About the Dispatches
The Dirt I Stand On
I am Ākāśaḍāka.
My home, and the acoustic chamber for this work, is an old, kauri-lined Isuzu Journey. It is usually parked somewhere on the gravel edges of the Coromandel Peninsula or the Hauraki Plains—anchored by the salt breeze, the rain, and the raw dirt beneath the tires.
The Work
For a long time, I operated in the "Grey World"—driven by mechanical momentum, performing functions, and slowly going cold. The Broken Hand Dispatches and the Campfires I host are the resulting artefacts of turning around and learning how to thaw out.
I am not an expert, an advice columnist, a teacher or a consultant.
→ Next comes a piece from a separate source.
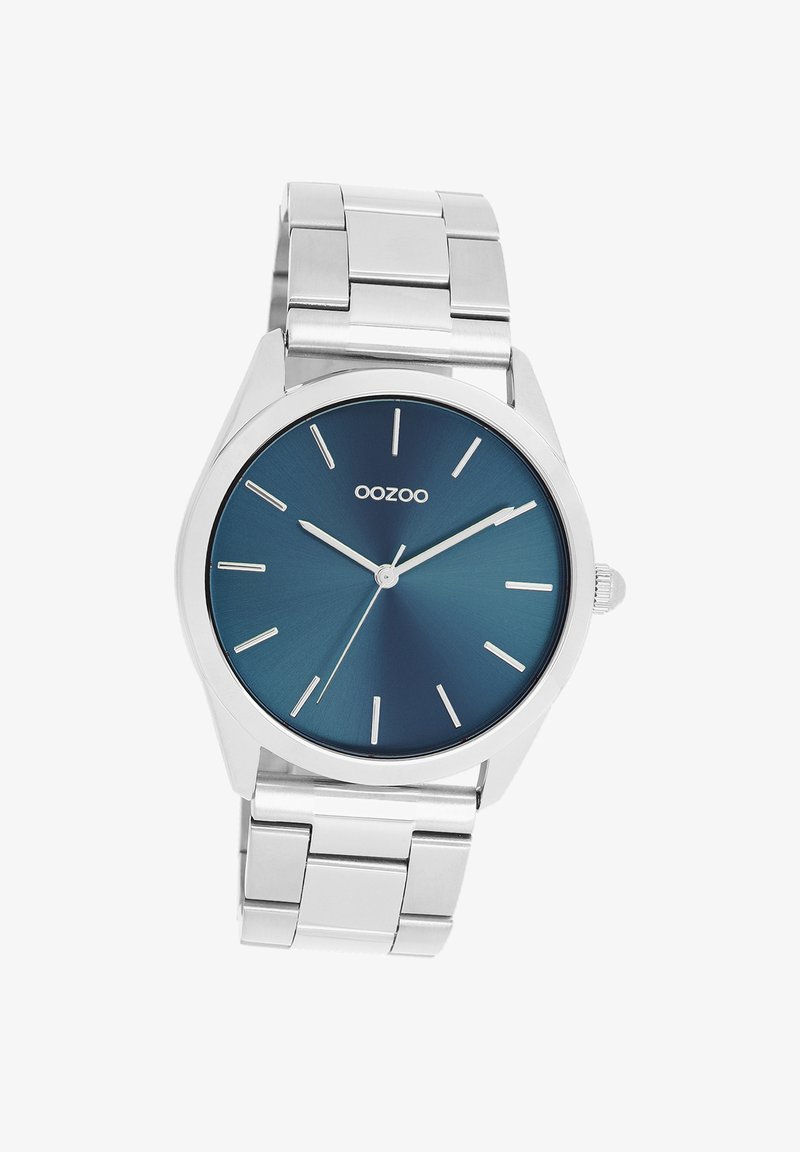 Montre en acier inoxydable argenté avec un cadran rond dégradé bleu, des index horaires argentés minimalistes et un bracelet en maillons métalliques poli.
I do not offer ten-step solutions, and I do not try to fix broken machines or save the world.
Instead, my role is simply to act as a campfire host—a tuning fork and a fellow practitioner in the trenches. I sit in the Charnel Ground of the everyday mess, tend the fire, and tune to the cosmic law by being present to the Great Unfolding, activating the Great Seeing and trusting in the Great Love (of the Universe).
What We Do Here
Through written dispatches and parables, crafting songs and live, invite-only Campfires, we work strictly from the inside out. We use the raw, messy, lived experience of our own lives as the curriculum.
We do not force reality. We simply drop the armour, practice radical transparency, and witness the struggle without trying to solve it. By removing the friction and sitting in the Real, we allow the natural capacity for life to regenerate itself.